Combining Sturm's result with Theorem~\ref{TheAPM:1}, we immediately deduce the main contribution of this section.
\begin{thm}{\bf (Convergence rate of alternating projections for SDP)}
\label{TheAPM:1}
Given an affine subspace
$\mathcal{V}$ of $\mathcal{S}^n$, 
consider the semi-definite feasibility problem:
\begin{equation*}
\textrm{ find some matrix}\quad X\in \mathcal{V}\cap\mathcal{S}^n_+.
\end{equation*}
Letting $\{X_k,Y_k\}$ be the sequence of iterates generated by the method of alternating projections,
exactly one of the following two situations holds:
 \begin{itemize}
 \item[{\rm (1)}] The iterates $\{X_k\}$ and  $\{Y_k\}$ are unbounded in norm, in which case the displacement vector $\disp(\mathcal{V},\mathcal{S}^n_+)$ is not attained.
 \item[{\rm (2)}] There exist matrices $\bar{X}$ and $\bar{Y}$ satisfying $X_k \to \bar{X}$ and $Y_k \to \bar{Y}$, with $\bar{X}-\bar{Y}=\disp(\mathcal{V},\mathcal{S}^n_+)$. 
\end{itemize}
In the second case, the iterates $\{X_k,Y_k\}$ converge at a rate $\mathcal{O}\Big(k^{-\frac{1}{2^{d+1}-2}}\Big)$, where $d$ is the singularity degree of the pair $(\mathcal{V},\mathcal{S}^n_+)$, with displacement.
Moreover, if Slater's condition holds, then the convergence is linear.
 \end{thm}


\section{Typical singularity degree and convergence of alternating projections for SDP}\label{sec:typ}
Consider the feasibility problem
\begin{equation*}
\textrm{ find some point}\quad x\in \mathcal{K}\cap\{x\in\E:\mathcal{A}(x)=b\},
\end{equation*}
where $\mathcal{K}$ is a closed convex cone and $\mathcal{A}\colon\E\to\R^m$ is a linear mapping. It is well known that Slater's condition holds for ``typical'' parameters $(\mathcal{A},b)$ among all parameters $(\mathcal{A},b)$ for which the problem is feasible. For a discussion of various generic properties of such problems, see for example \cite{gen_pat,prep,gen_adrian}. In this brief section, in contrast, we consider the more realistic situation of when perturbations in parameters can yield an infeasible problem, with an eye towards the singularity degree.

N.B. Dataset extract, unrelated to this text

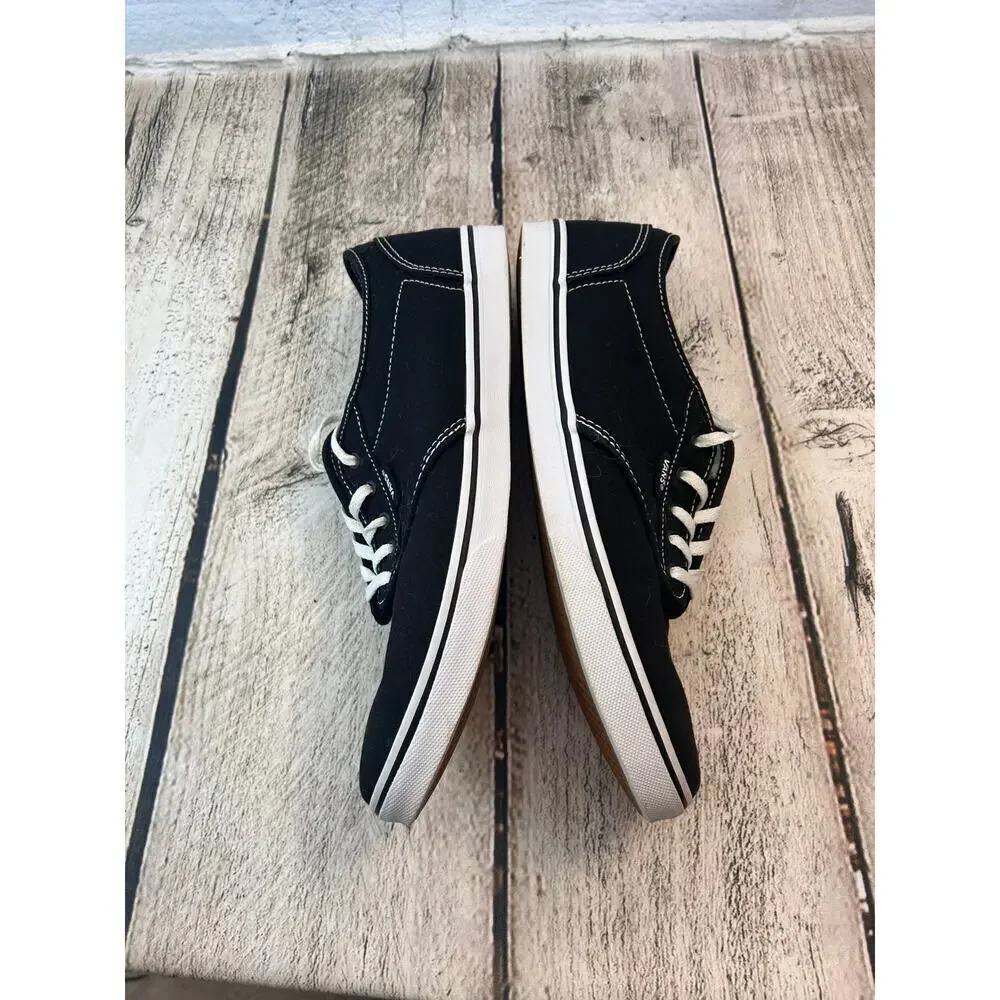 VANS Women’s Dainty Low Top Canvas Sneakers / Size: 9.5 - Picture 5 of 9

We first note that displacement vector of the problem is typically attained. Indeed, this is a direct consequence of \cite{stab}. From now on, all references to a measure on $\E$ will refer specifically to the Lebesgue measure on $\E$.

\begin{prop}[Displacement vector is usually attained]\label{prop:morse}
Consider a closed, convex cone $\mathcal{K}\subset\E$ and a vector
$b\in\R^m$. Then for an open, full-measure set of linear transformations $\mathcal{A}\colon\E\to\R^m$,  the infimum $$\inf\{|x-y|: x\in \mathcal{K}\quad \textrm{and}\quad  \mathcal{A}(y)=b\}$$
is attained.
\end{prop}
\begin{proof}
Define $$\mathcal{L}_{\mathcal{A},b}=\{x\in\E: \mathcal{A}(x)=b\},$$
and $v:=\disp(\mathcal{L}_{\mathcal{A},b},\mathcal{K})$.
Then the set $\mathcal{L}_{\mathcal{A},b}-v-\mathcal{K}$ is closed if and only if $(\ker\mathcal{A})-\mathcal{K}$ is closed. A well-known theorem of Abrams (see for example \cite[Lemma 3.1]{Berman} or \cite[Lemma 17H]{homes}) states that the latter holds if and only if the image $\mathcal{A}(\mathcal{K})$ is closed.
On the other hand, in \cite{stab,stab1} the authors show that the image
$\mathcal{A}(\mathcal{S}^n_+)$ is closed for some open, full-measure set of
transformations $\mathcal{A}$. 
\end{proof}


Next, we observe that though we cannot typically expect Slater's condition to hold (or feasibility to hold for that matter), the singularity degree of the problem, with displacement, is usually at most one. To this end, consider a closed, convex cone $\mathcal{K}\in\E$ and
define the affine space $\mathcal{V}:=\{x\in\E: \mathcal{A}(x)=b\}$.
Then the ``strict complementarity'' condition:
$$\textrm{ there exist } x\in \mathcal{V}\cap\mathcal{K} \textrm{ and }y\in \R^m \textrm{ satisfying } 0\neq \mathcal{A}^*y\in \ri N_{\mathcal{K}}(x).$$
is sufficient for the singularity degree of $(\mathcal{V},\mathcal{K})$ to be one, provided that $\mathcal{K}$ is facially exposed (see \cite[Section 18]{con_ter} for the definition). Indeed, if such $x$ and $y$ exist, then standard convex analysis shows that $y$ solves the auxiliary problem \eqref{eqn:aux}, and moreover that 
 $\mathcal{K}\cap(\mathcal{A}^*y)^{\perp}$ is the minimal exposed face of $\mathcal{K}$ containing $x$ \cite[Theorem A.2]{ext_ineq}. Hence, in particular, $x$ lies in the relative interior of $\mathcal{K}\cap(\mathcal{A}^*y)^{\perp}$ and Slater condition will hold for the second iteration. We are now ready to prove the main result.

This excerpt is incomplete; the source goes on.